イデアの昼と夜

東京大学で哲学を学んだのち、ブログを書いています。

現実の圧倒的な力に抗しつつ、哲学の問いを問う

 
 前回に論じた根源的信とは、それによってたとえば「わたしは今、この部屋にいる」のような最も身近な認識も可能になるといったような、私たちの生を根底から支える信念にほかならない。
 
 
 このような信はほとんど意識されないままに働き続けているものであって、この信の妥当性を疑いうるのは、わたしが懐疑している間だけである。
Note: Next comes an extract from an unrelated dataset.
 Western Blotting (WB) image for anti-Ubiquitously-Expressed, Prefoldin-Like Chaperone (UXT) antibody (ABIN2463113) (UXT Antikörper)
すでに述べたように、生きることは根元的信に基づいてのみ可能になるのだから、この信を停止させることはあくまでも、一時的で不完全なものにとどまらざるをえないことだろう。
 
 
 たとえば、わたしがまさに今この部屋で「いま体験しているすべてのことが悪霊に欺かれているか、あるいは夢であるとしたらどうか」と懐疑を遂行している最中であるとしても、窓の外で大きな音がするなどといったことがあれば、わたしは自分でもほとんど気づかないうちに窓の方へ向かって行って、何があったのかを見ようとしてしまうに違いない。懐疑することはあくまでも生の内部における部分的な行為にとどまるのであって、おそらくは、この生そのもののを支えている信を完全に無効化することまではできない。少なくとも、そのように見えることは確かである。
 
 
 それにも関わらず、わたしには省察する一人の人間として、次のような問いを立てることが可能であると言えるのではないか。
 
 
 問い:
 根元的信は、本当に妥当しているのか?そして、そうであるとすれば、その根拠は「疑いようのない現実であると思われるものが、わたしの意識に与えられている」という事実以外のどこにあるのか?
 
 
 別の言い方をするならば、この問いは、「わたしの生が悪霊による欺きや夢ではなく、現実の生であると言える根拠はどこにあるのか」となるだろう。このような問いは、哲学の世界の外においては正気を逸したものであるとすら思われるかもしれないけれども、二千年に及ぶ懐疑主義の伝統を持つ哲学的探求の枠組においては、少なくともその意味するところは理解してもらうことができるはずである。
 
 
 
根源的信 悪霊 フッサール ハイデッガー レヴィナス 現象学的還元 デカルト的懐疑
 
 
 
 すでに一度簡潔に触れたことではあるが、フッサールハイデッガー、それにレヴィナスといった前世紀ヨーロッパの哲学者たちは、このような問いの立て方には基本的に冷淡であって、彼らには、上のような問題設定そのものを共有してもらうことのできない可能性も決して低くはない。たとえば、フッサールの「現象学的還元」は、今のこの論点に極めて密接したところで行われるものではあるが、悪霊による欺きや夢などの、意識の所与が根底から転覆されてしまう可能性を度外視したところに成り立つものである。フッサール自身もそう指摘しているように、現象学的還元とはデカルト的懐疑に極めて近いところで、しかし、この懐疑からは決定的な一点において異なった地点において成立する操作なのである。
 
 
 現実の、あるいは現実と思われるものの持つ圧倒的な力については、否定すべくもない。上に挙げた三人の哲学者たちの場合のように、現実が与えられるという事実をどこまでも深く受け止めていって、その与えられ方そのものの方を思索しぬいてゆくという方向の探求が哲学には必要であることもまた、間違いのないところであろう。
 
 
 しかし、現実が私たちに今のこの瞬間においても刻々と与えられ続けているとして、それを「現実」と呼ぶことができるのはなぜなのか、私たちは果たして本当に「現実」なるもののうちで生きているのだろうかと問うことも、哲学の欠かすことのできない務めであると言えるのではないか。しかし、このように「現実離れした」問いを問うことの必然性は、どこにあると言えるのだろう。私たちはこの問いを問うにあたって、問うことの必然性について、さらに掘り下げて考えてみなければならない。